Além de subir ao pódio do samba carioca, ao lado de lendários como Cartola, Pixinguinha, João da Baiana e Donga, Ataulfo quebrou o tabu de que sambista não poderia ser cantor. Ao lado de suas pastoras, gravou cerca de uma dúzia de sambas de definitivo sucesso popular: Pois é, Laranja Madura, Sei que é covardia, Atire a primeira pedra, O bonde de São Januário, Meus tempos de criança, Eu sei que vou morrer, Mulata assanhada, Fim de comédia, Errei sim, Na cadência do samba, Leva meu samba e Vai, mas vai mesmo.

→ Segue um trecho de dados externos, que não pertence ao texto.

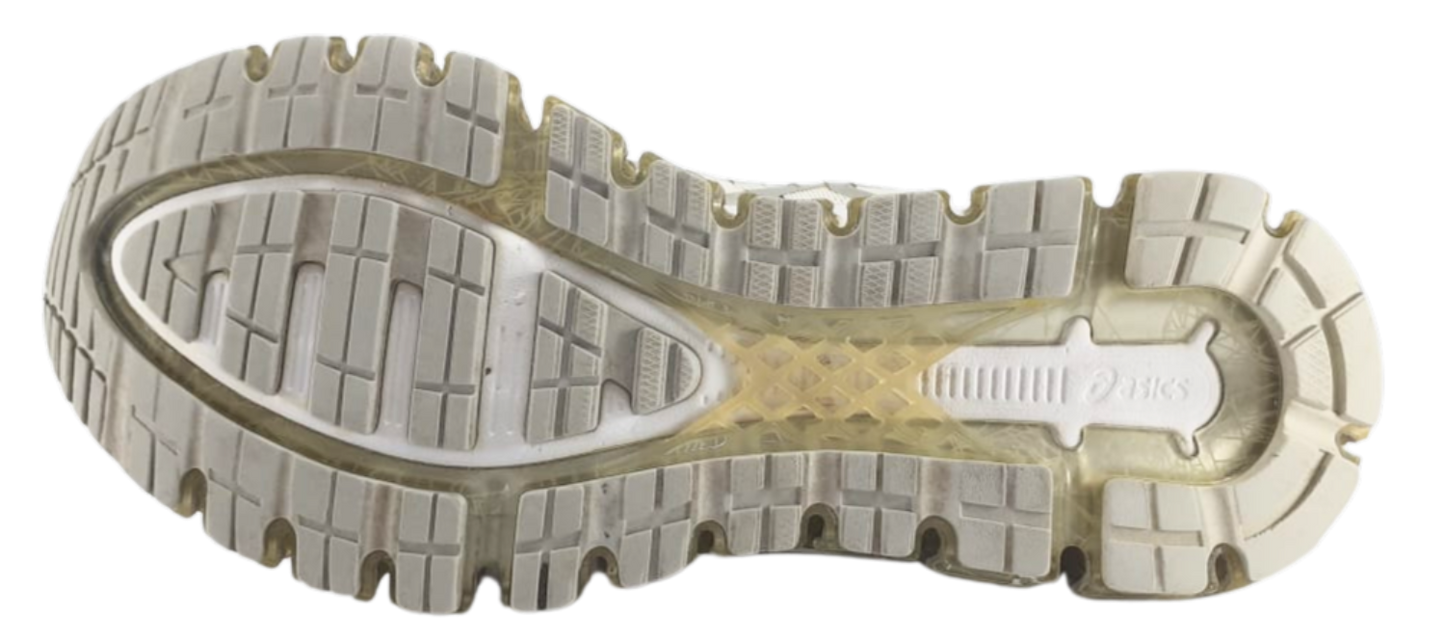 Asics Gel Quantum 360 Running Shoes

Ataulfo Alves faleceu no Rio de Janeiro, às 19h15 do dia 20 de abril de 1969, um domingo, 12 dias antes de completar 60 anos de idade, vítima de uma úlcera no duodeno que o acompanhou por quase 20 anos. Foi enterrado no Cemitério do Catumbi, com a presença do prefeito de Miraí, dr. Luiz Alves Pereira. Mas seus ossos foram transladados para sua terra natal nas cerimônias de comemoração de seu centenário em 2009 e se encontram depositados no Mausoléu Ataulfo Alves.







Ouça a música "Meus tempos de criança", com Ataulfo Alves.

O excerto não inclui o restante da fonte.